Dentro de sus muchas cualidades, destacaba la generosidad para con sus estudiantes. Solía invitar a sus ayudantes y tesistas a firmar en conjunto, reconociendo el diálogo intelectual con sus discípulos y promoviendo las incipientes trayectorias de quienes recién comenzaban sus carreras académicas. Así, en un ambiente muchas veces reacio a la colaboración y celoso de la propiedad intelectual de los textos y las ideas, Pablo iba a contracorriente en el mejor sentido de la expresión. Siempre fomentó en esos detalles el reconocimiento de que la conversación, la edición mutua y la corrección entre pares podían dar enormes frutos.

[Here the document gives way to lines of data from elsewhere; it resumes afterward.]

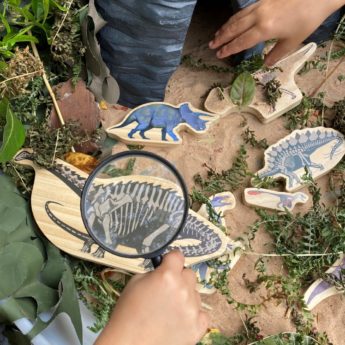 Double-sided wooden dinosaur characters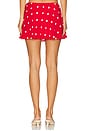 view 4 of 6 Deanna Mini Skirt in Cherry Red Polka Dot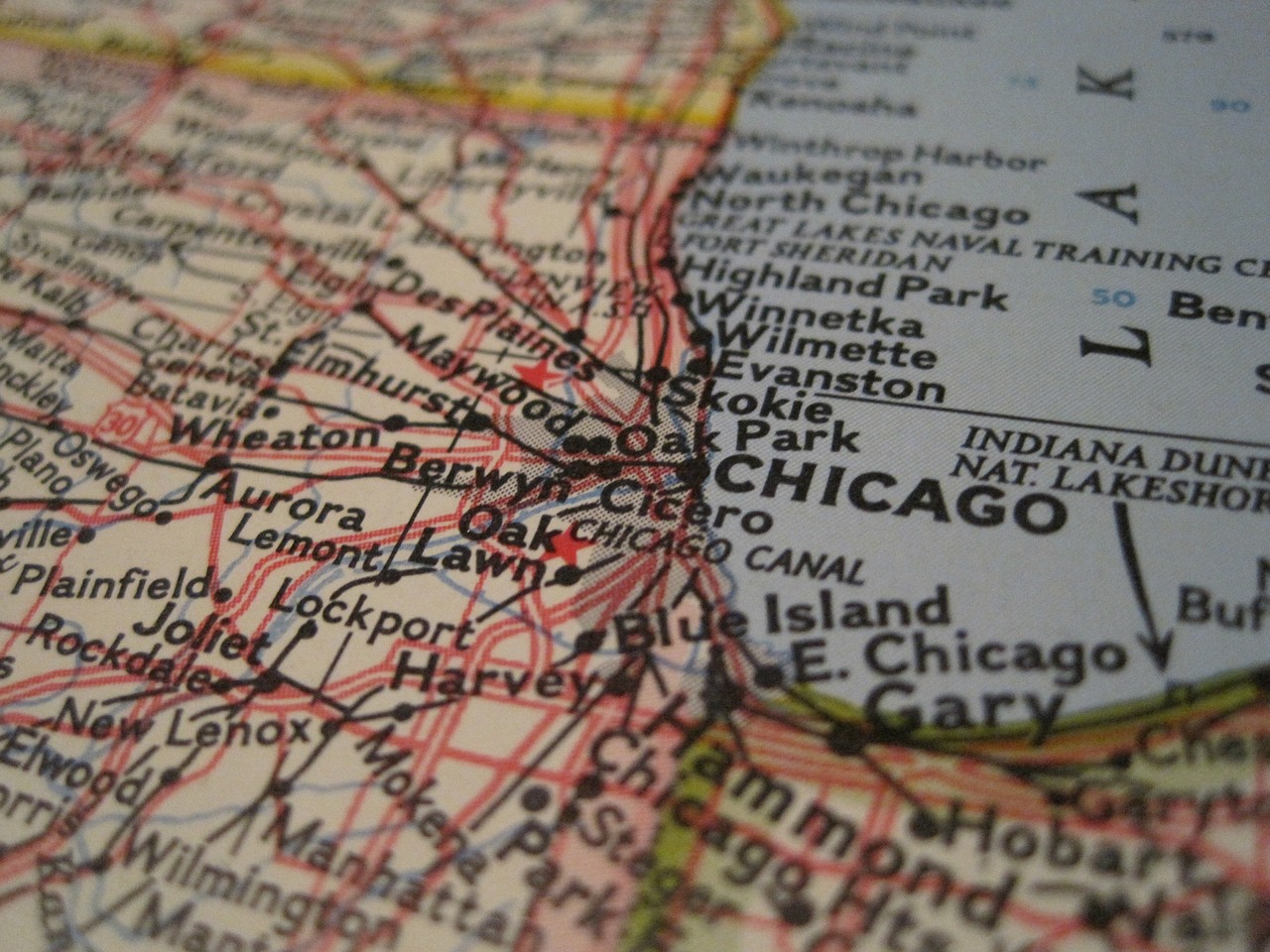 chicago map close-up free photo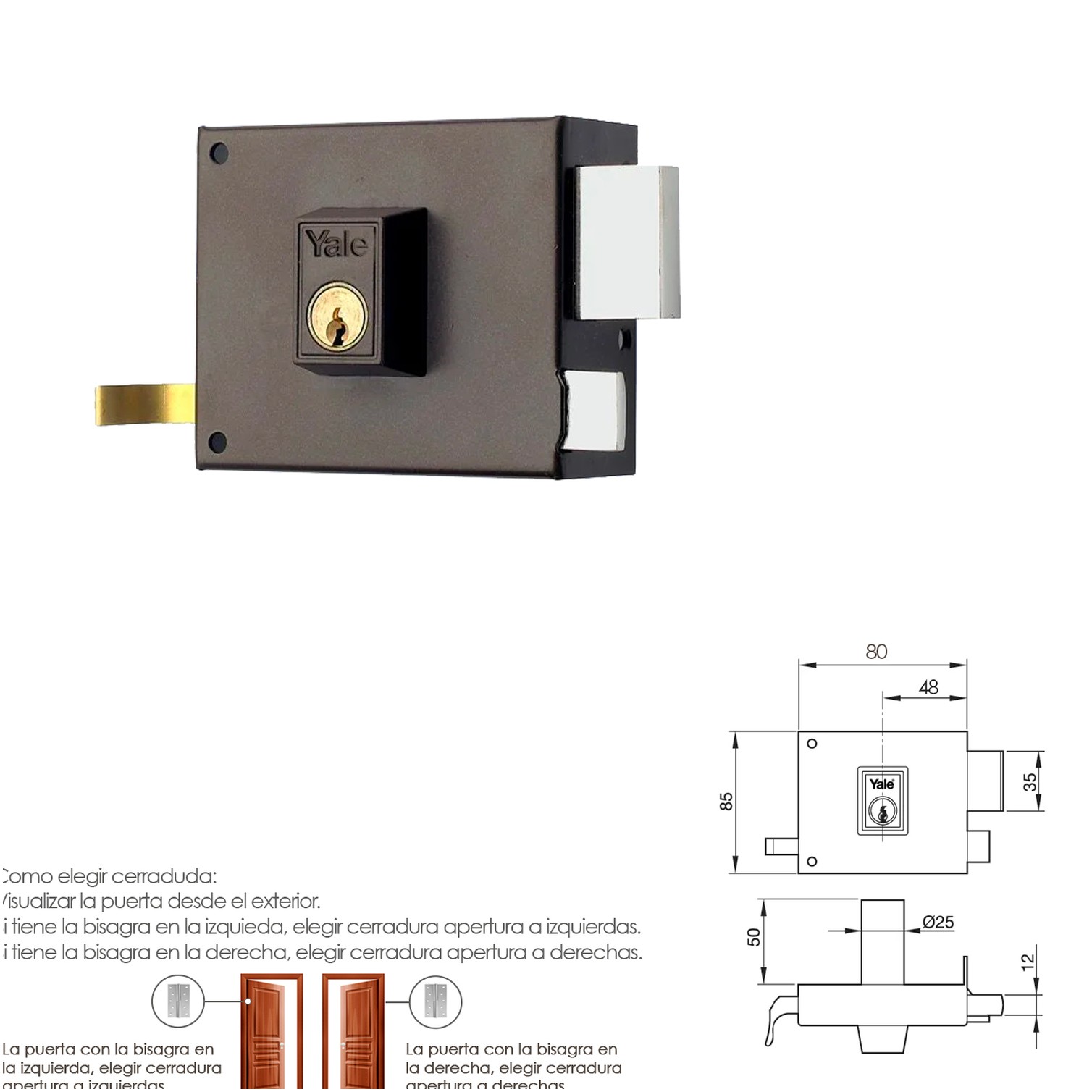 Cerradura Yale 125-/hpr/ 8/ Derecha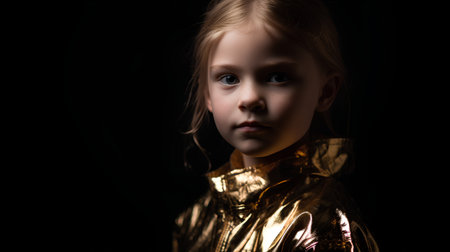 Portrait of a little girl in a golden costume on a black backgroundの素材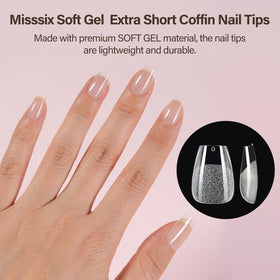 Close-up of Misssix nail tips in various sizes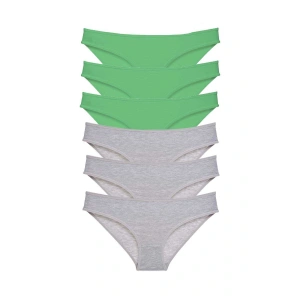 LitaeTrend 6 adet Süper Eko Set Likralı Kadın Slip Külot Yeşil Gri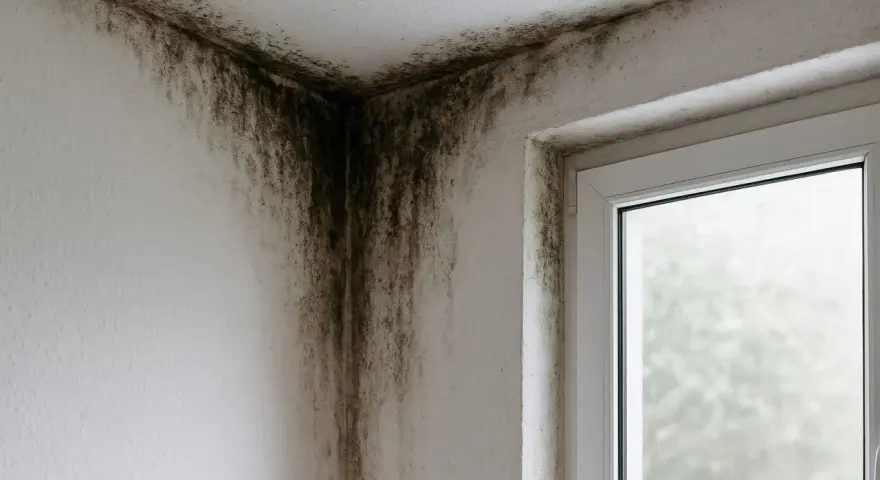 Moisissure envahissant le coin d'une pièce, signe d'un problème d'isolation thermique. Une situation qui peut devenir une obligation de travaux en copropriété.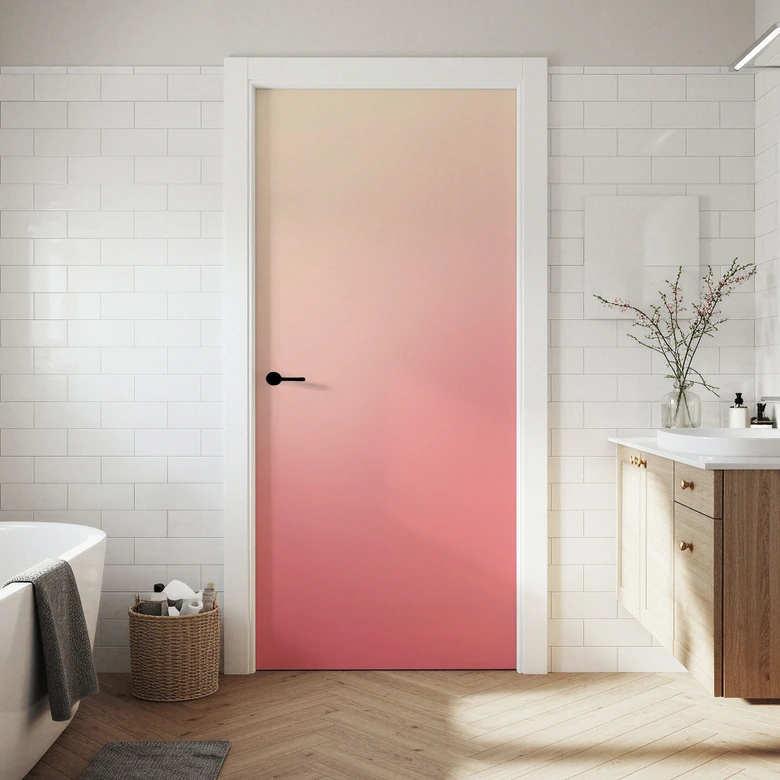 Türfolie Ombre Pinkfarbene Sonne - Selbstklebende Türdeko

Sus cruces entre la filosofía y el arte no fueron solamente una inquietud intelectual abstracta y desconectada de la realidad, sino que empaparon su quehacer profesional mucho más allá de la academia. Se preocupó, en distintos niveles, de que la belleza de la literatura y del arte llegara cada vez más a públicos más amplios: de ahí su adaptación del Quijote, al español de Chile —que le valió más de alguna incomprensión y crítica—, su interés por diseños editoriales accesibles para personas daltónicas o con otros problemas de la visión, o su incansable labor en el directorio de Puerto de Ideas, festival que se realiza anualmente en dos ciudades chilenas para difundir las ciencias, las humanidades y el conocimiento. Aunque su erudición tenía algo de enciclopédica, no se encerraba ni en los olimpos ni en las ediciones para coleccionistas: buscaba que lo bello y verdadero —aquello que realmente valía la pena— pudiera encontrar siempre un público más amplio.
Se han realizado diversos homenajes para recordar a este hombre generoso, divertido, erudito y de una simpatía envolvente, y seguramente muchos otros se llevarán a cabo. Sirvan estas pocas líneas para aumentar el caudal de esos homenajes, para agradecer su amistad y compañía y para comprometernos, en su nombre, a transmitir esa pasión por enseñar, divulgar y compartir que caracterizó a Pablo Chiuminatto. Lo vamos a echar de menos.
Joaquín Castillo es doctor en literatura por la Pontificia Universidad Católica de Chile y editor de la revista Punto y coma. Es profesor asistente del Instituto de Literatura de la Universidad de los Andes, y crítico literario de El País Chile.